Thromb Haemost 1990; 63(03): 356-360
DOI: 10.1055/s-0038-1645046
Original Article
Schattauer GmbH Stuttgart

Relation of Intraperitoneal and Intravascular Coagulation and Fibrinolysis Related Antigens in Peritoneal Dialysis

E Gries
The Medical Laboratory Dr. Gries, Munich, FRG
,
J Kopp
*  VIth Department of Medicine, Städtisches Krankenhaus M.-Schwabing, Munich, FRG
,
U Thomae
*  VIth Department of Medicine, Städtisches Krankenhaus M.-Schwabing, Munich, FRG
,
H Kuhlmann
*  VIth Department of Medicine, Städtisches Krankenhaus M.-Schwabing, Munich, FRG
› Author Affiliations
Further Information

Publication History

Received 26 September 1989

Accepted after revision 23 January 1990

Publication Date:
30 June 2018 (online)

Summary

Patients received 2,000 ml of dialysate intraperitoneally with five exchanges per day during continuous peritoneal dialysis (CAPD) for the treatment of terminal renal insufficiency. During a dwell time of 4 h the dialysate reached a total protein concentration up to 100 mg/dl by mass transfer of intravascular proteins. The composition is dependent on the molecular weight of the proteins. This results in an intraperitoneal hemostatic system of low concentration and different composition.
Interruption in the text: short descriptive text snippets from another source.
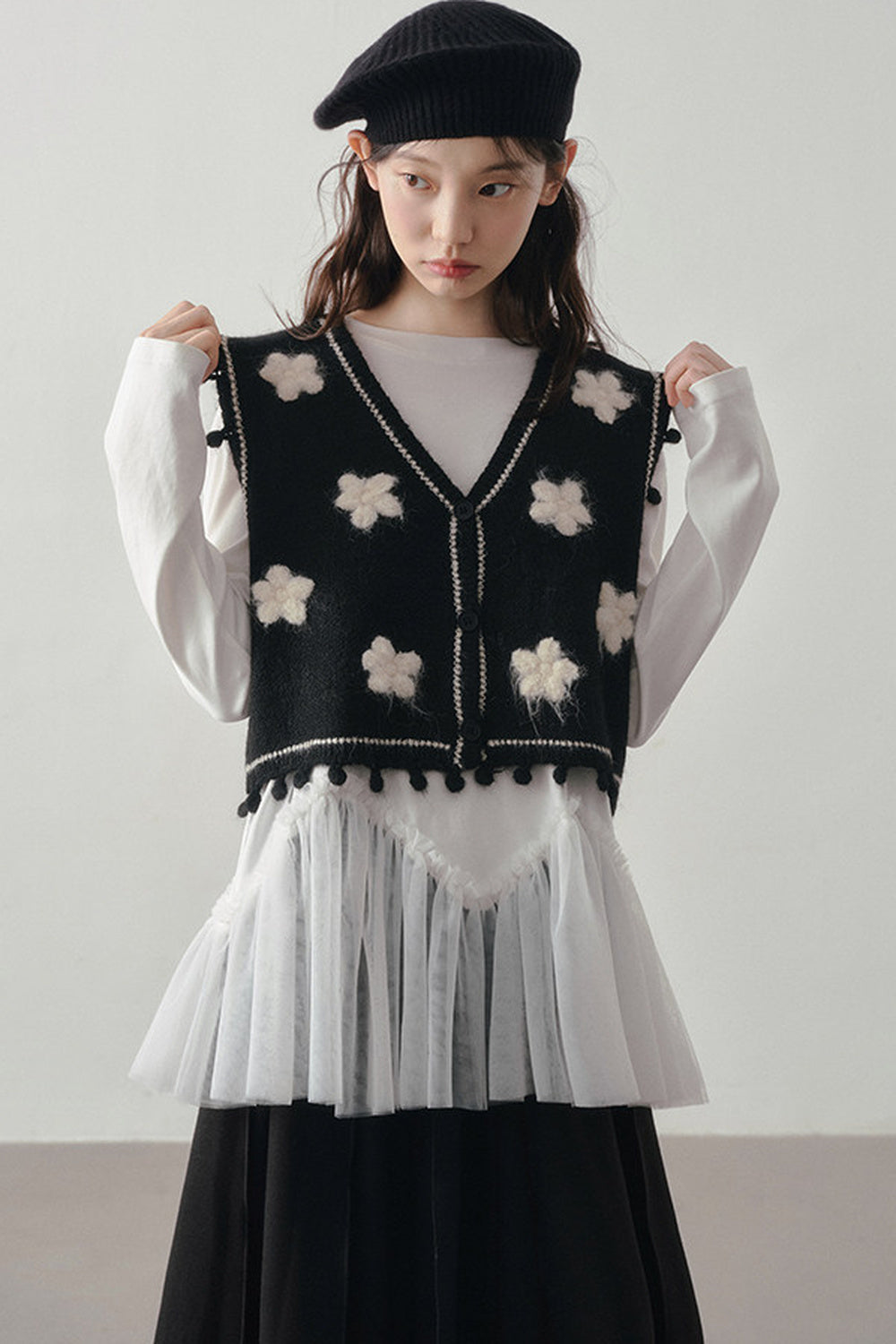Wavy Hem Mesh Long Sleeve Top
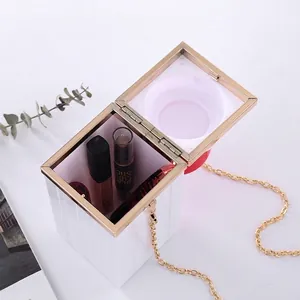 Chic white acrylic cube evening clutch bag with gold chain strap and metal frame
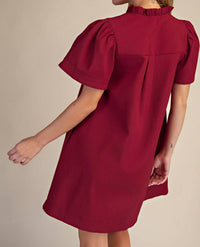 Style Usa - Ruffle V-neck Mini Dress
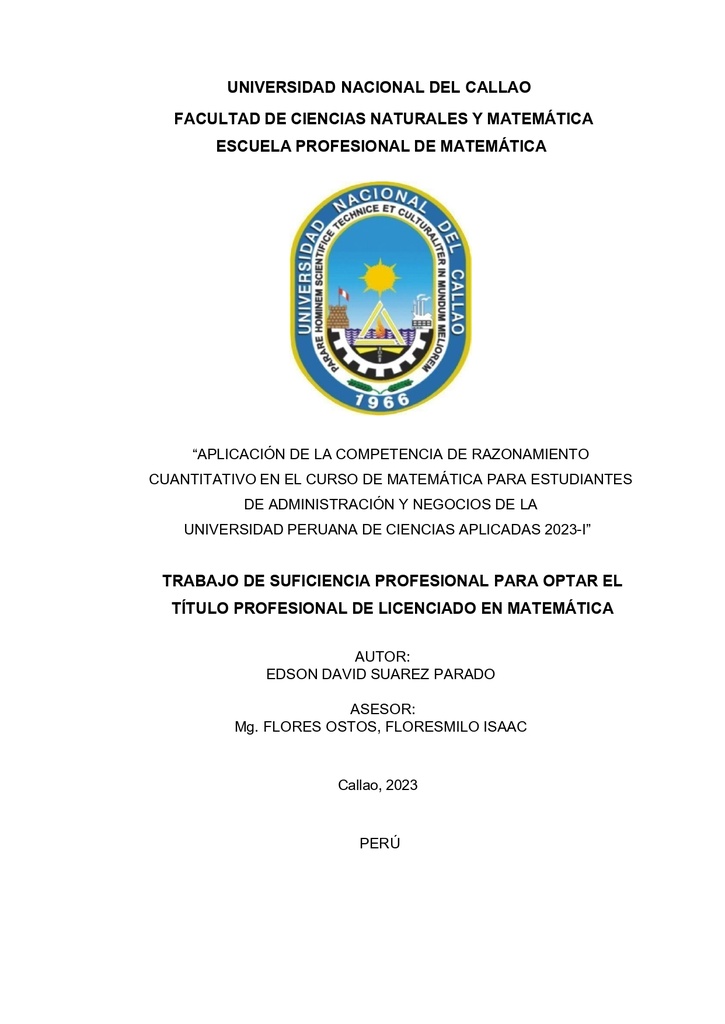 Aplicación de la competencia de razonamiento cuantitativo en el curso de matemática para estudiantes de administración y negocios de la Universidad Peruana de Ciencias Aplicadas 2023-I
We found an intraperitoneal fibrinogen cleavage and thrombin- antithrombin Ill-complex formation leading to increased levels of fibrinopeptide A (FPA: 33.3 ± 7.0 ng/ml) and thrombin-antithrombin Ill-complex (TAT: 4.7 ± 0.4 ng/ml) in plasma by mass transfer from dialysate to plasma. t-PA (tissue plasminogen activator) and PAI-1 (plasminogen activator inhibitor type 1) concentrations in plasma were within the normal range. The dialysate concentrations indicated a low local secretion. The fibrinolytic fibrin fragment D-dimer and the fibrinogen degradation product concentrations in plasma were greater than in dialysate. But the relations of the proteins between plasma and dialysate refer to a local intraperitoneal production as well.

The results show that intraperitoneal coagulation predominates over fibrinolysis which is accompanied by an intravascular fibrinolysis in patients undergoing CAPD. Neoantigens produced in dialysate and diffused to plasma are comparable to changes seen in disseminated intravascular coagulation.